Problem statement: Give back the whole listing verbatim, printing none of its pictures.

Source data:
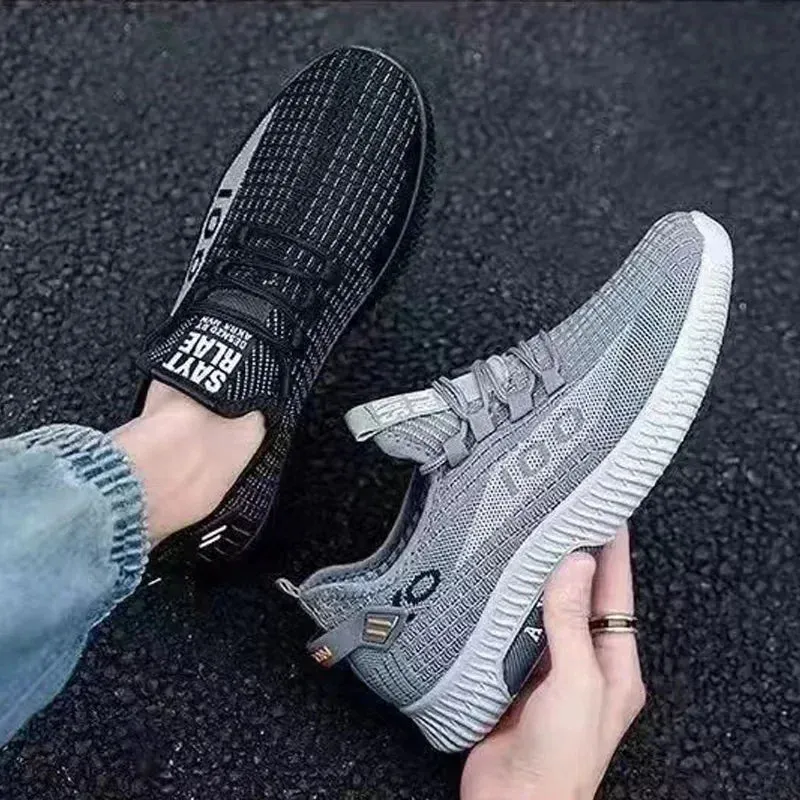 Breathable Mesh Men's Sports Shoes for Summer 2024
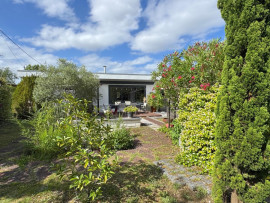 
                                                                                        Vente
                                                                                         MAISON 5 PIECES - JARDIN - PESSAC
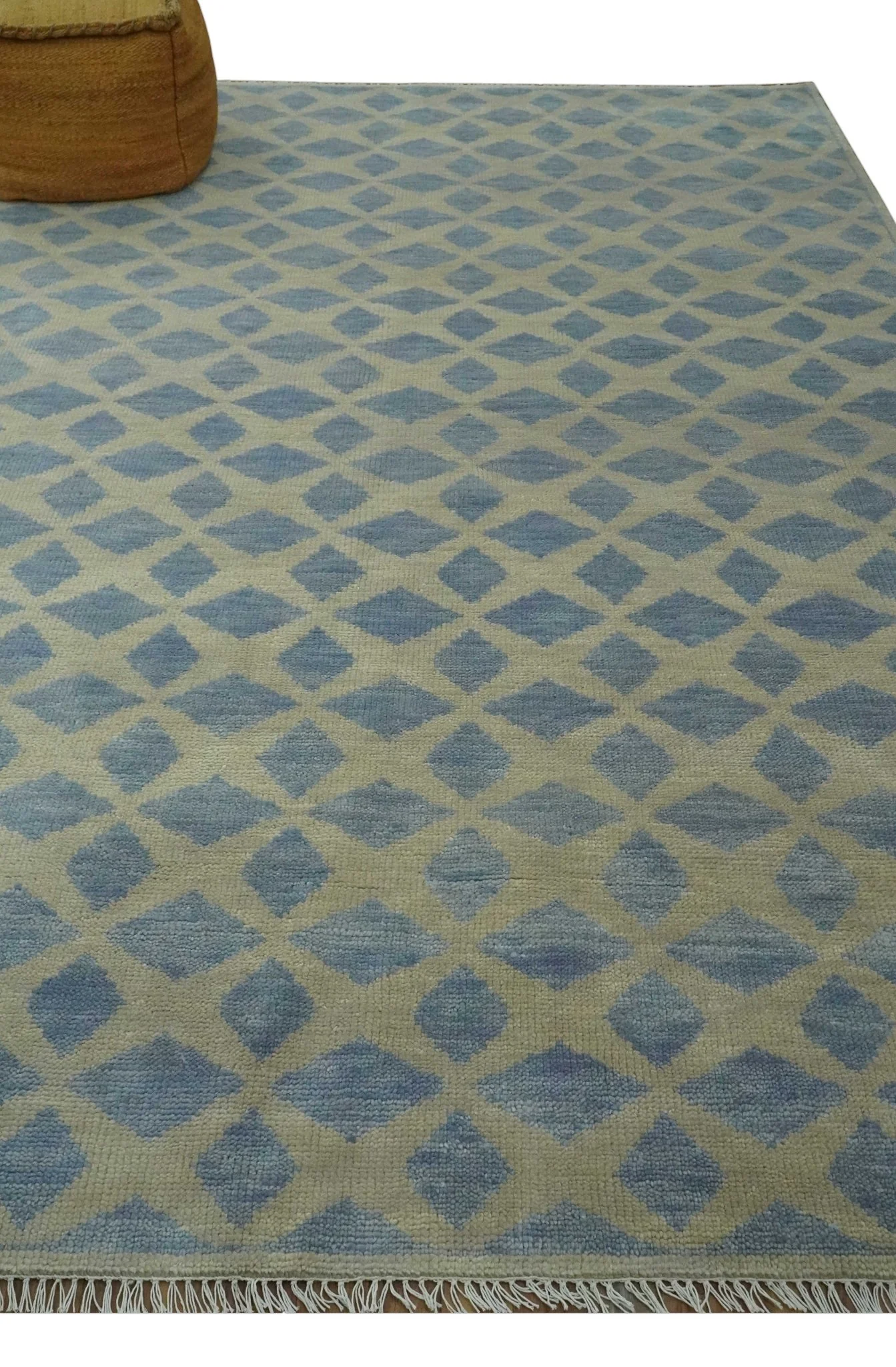 Modern Geometrical Diamond Design Gray and Beige 8x10 Hand knotted wool rug - Image 3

Exercise answer:
 Breathable Mesh Men's Sports Shoes for Summer 2024
                                                                                        Vente
                                                                                         MAISON 5 PIECES - JARDIN - PESSAC
 Modern Geometrical Diamond Design Gray and Beige 8x10 Hand knotted wool rug - Image 3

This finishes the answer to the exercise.